__Recorded information__
————————
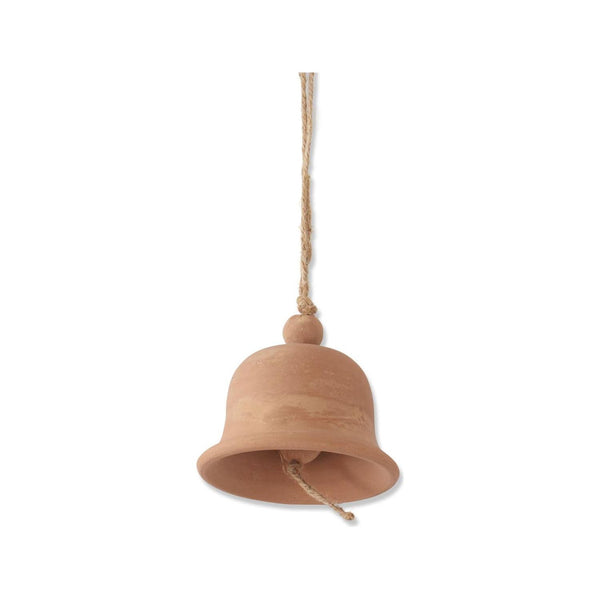 Terracotta Bell Ornament 3 Inch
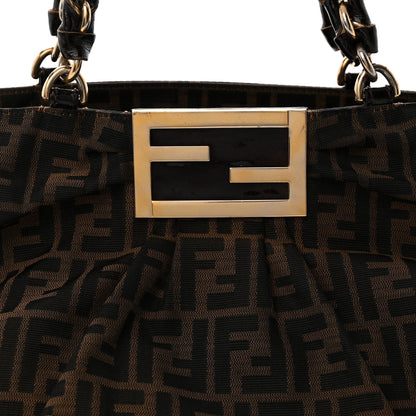 Fendi Zucca Mia Tote Tobacco 7 of 10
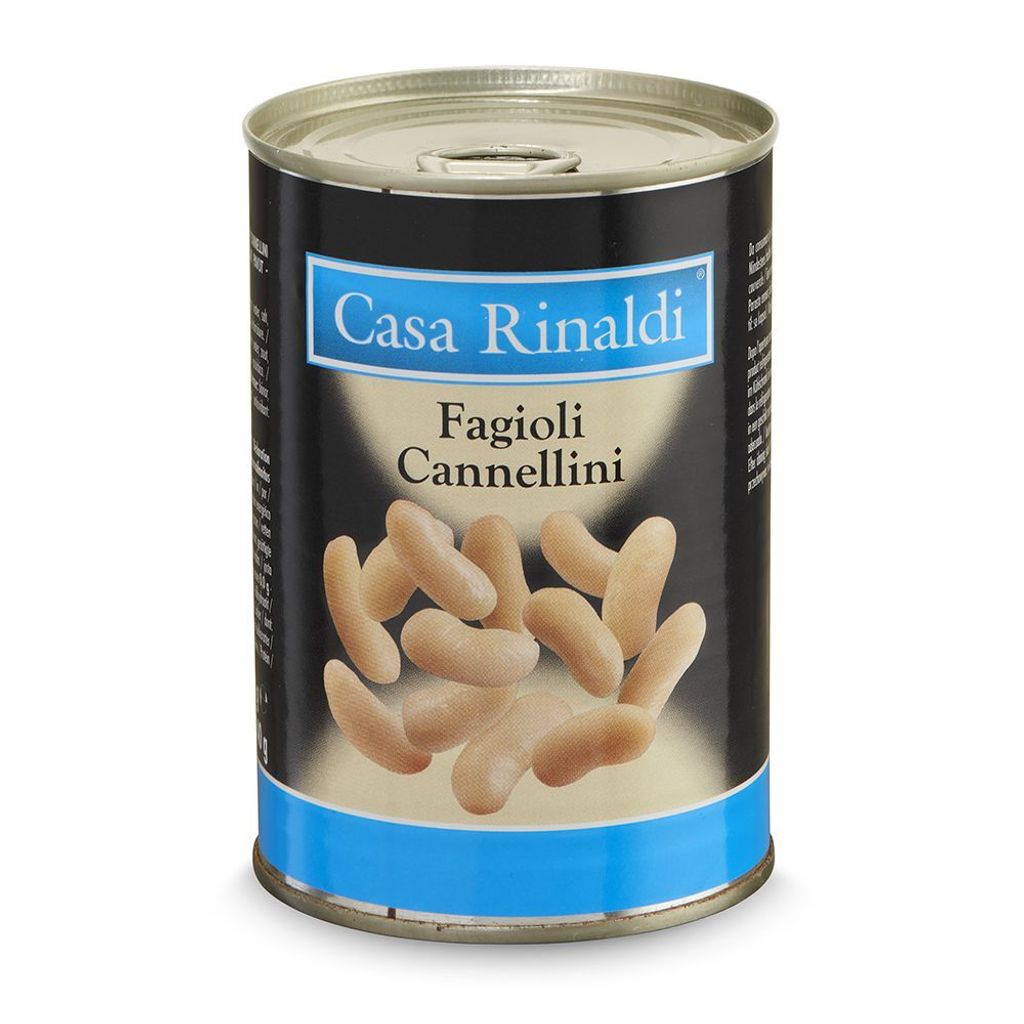 Casa Rinaldi haricots blancs Cennellini 400g, poids égoutté Image du produit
————————
__Task goal__
Print the material above verbatim except the pictures.

__Result__
 Terracotta Bell Ornament 3 Inch
 Fendi Zucca Mia Tote Tobacco 7 of 10
 Casa Rinaldi haricots blancs Cennellini 400g, poids égoutté Image du produit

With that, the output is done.